§ **Given records**:

┌────────

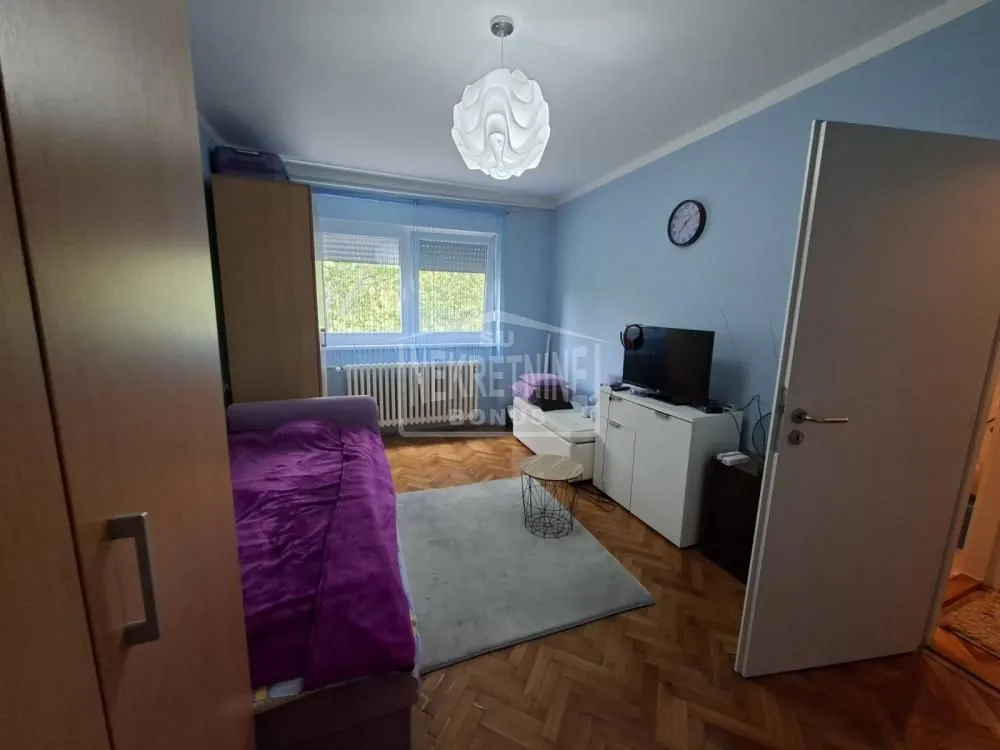 Prodaja, dvosoban stan, 52m², Radijalac, Subotica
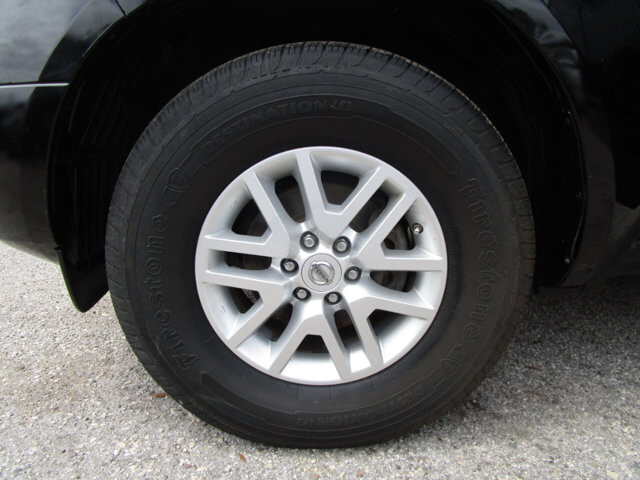 2018 Nissan Frontier in Tampa, FL 33604-6914 - 18055584 19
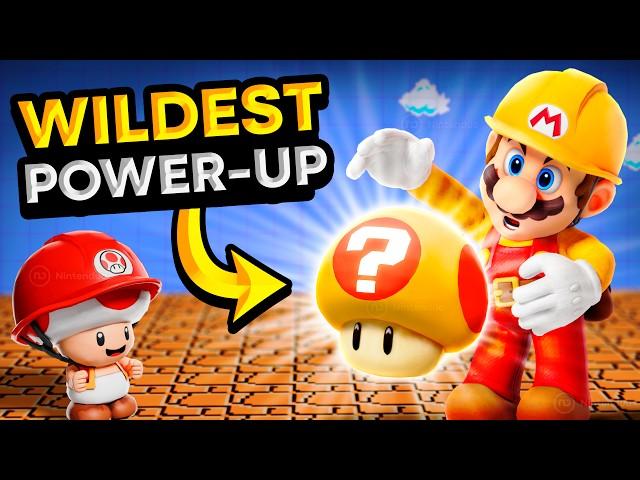 25 SECRETS in SUPER MARIO MAKER  Facts, Easter eggs & Hidden Details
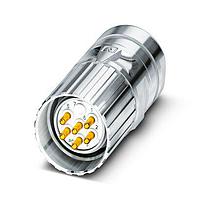 PHOENIX CONTACT 1619652 Circular Metric Connectors CA-07P1N8A8008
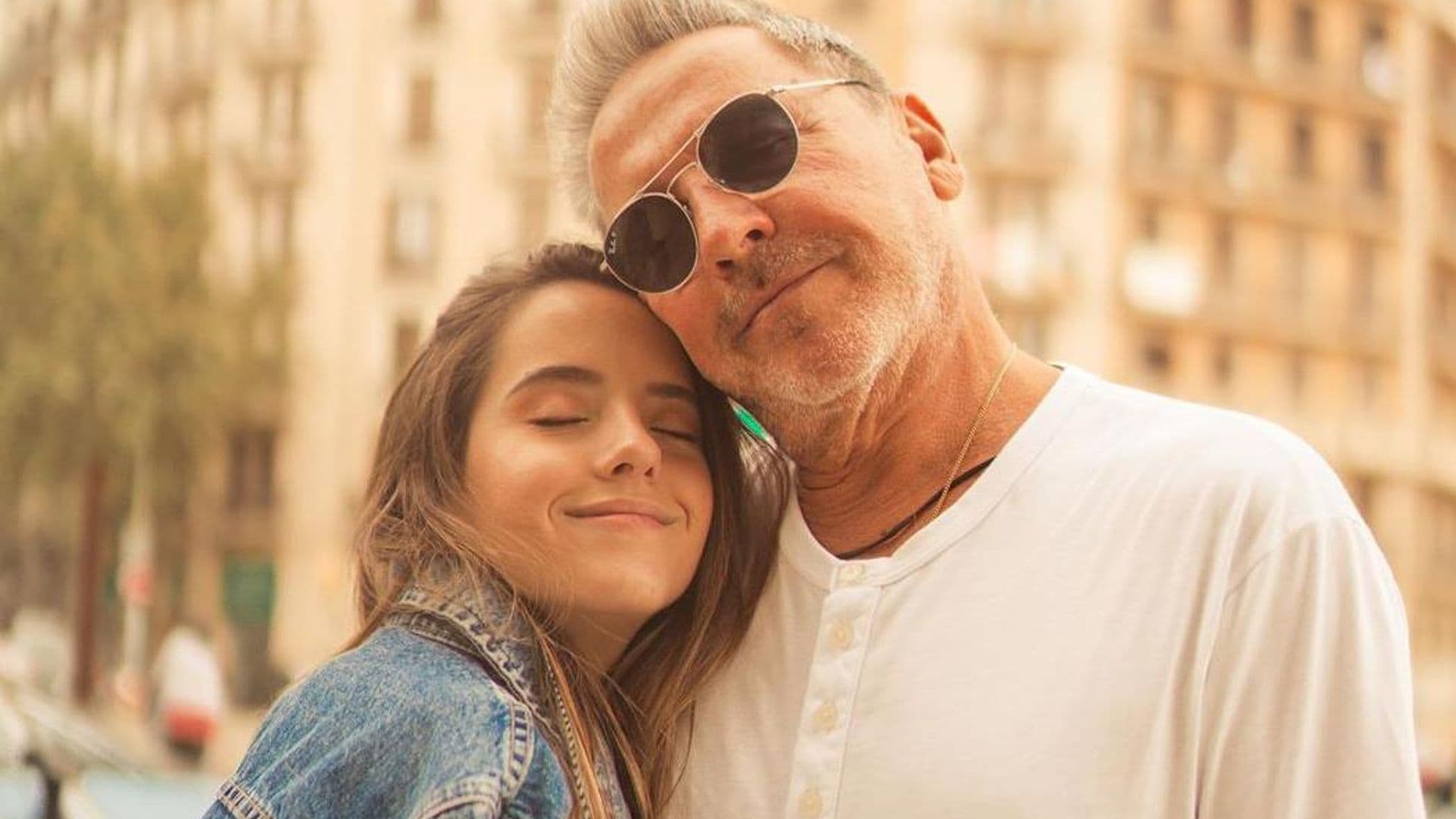 Ricardo Montaner, conmovido por ver a su hija Evaluna convertirse en madre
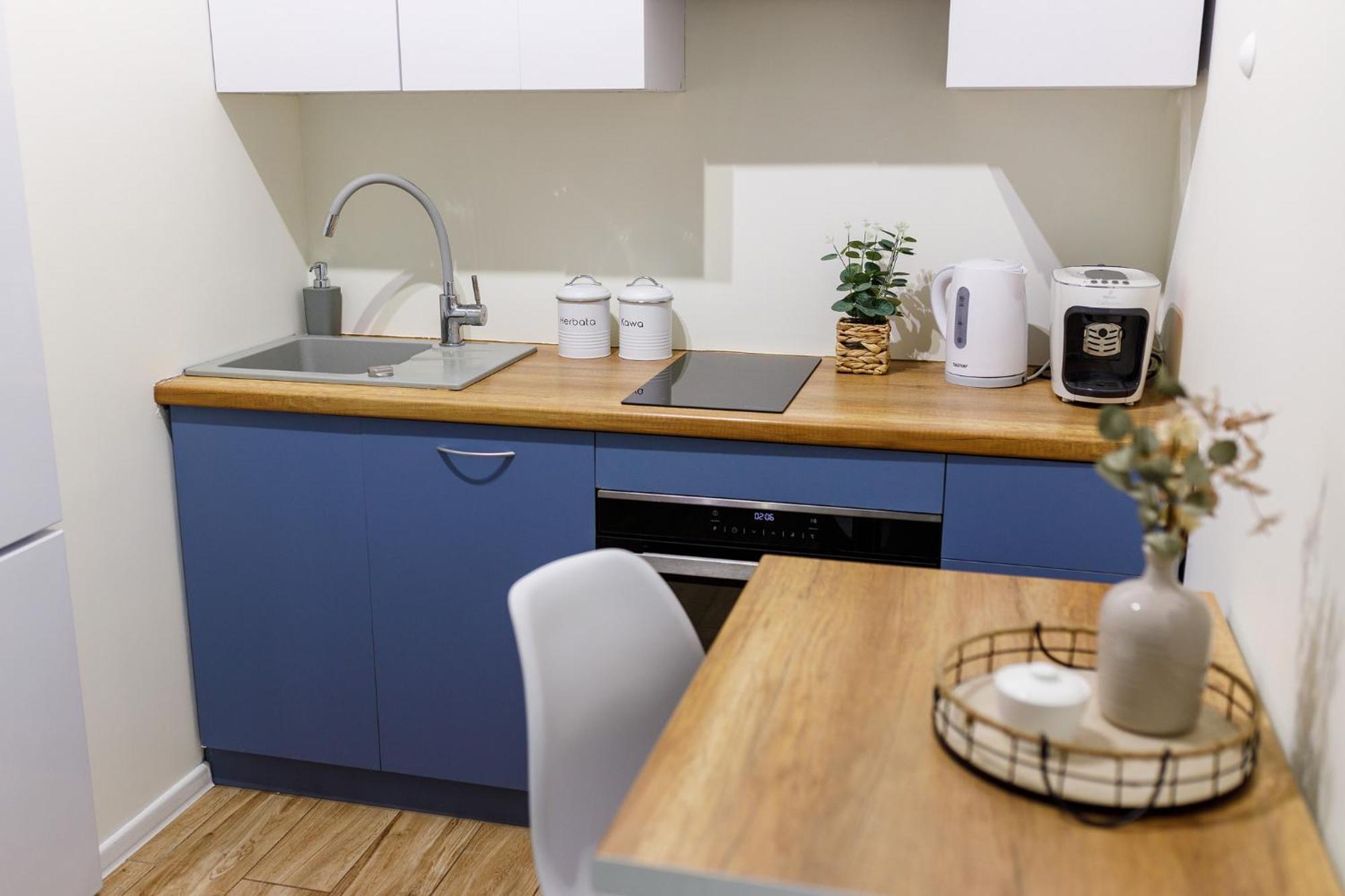 Apartament Sunrise Olsztyn  Eksteriør bilde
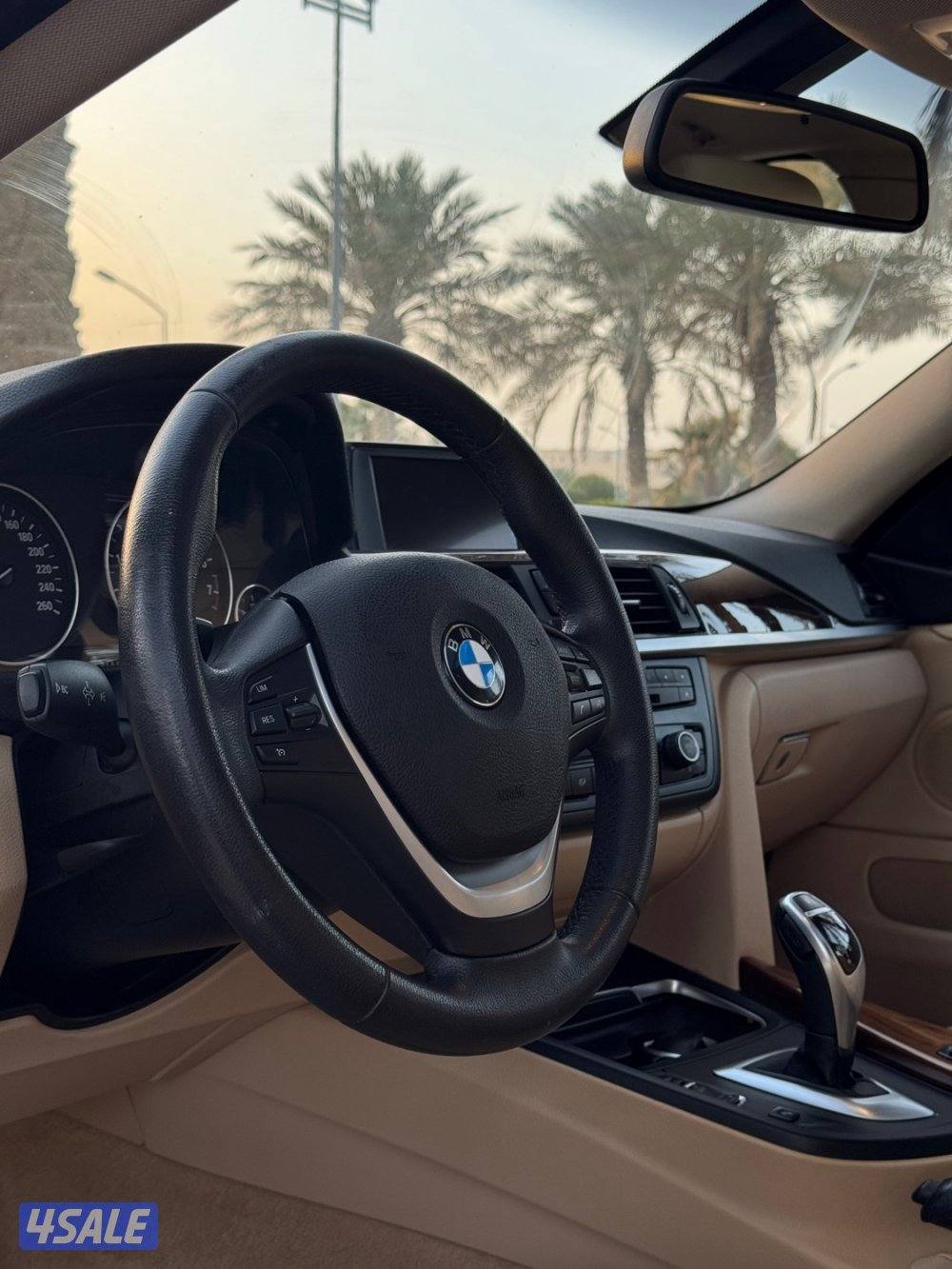 للبيع بي ام دبليو 2017 بحالة الوكالة8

└────────

§ **Assignment**: Repeat each entry exactly as given; no pictures belong in the copy.

§ **Written response**:
 Prodaja, dvosoban stan, 52m², Radijalac, Subotica
 2018 Nissan Frontier in Tampa, FL 33604-6914 - 18055584 19
 25 SECRETS in SUPER MARIO MAKER  Facts, Easter eggs & Hidden Details
 PHOENIX CONTACT 1619652 Circular Metric Connectors CA-07P1N8A8008
 Ricardo Montaner, conmovido por ver a su hija Evaluna convertirse en madre
 Apartament Sunrise Olsztyn  Eksteriør bilde
 للبيع بي ام دبليو 2017 بحالة الوكالة8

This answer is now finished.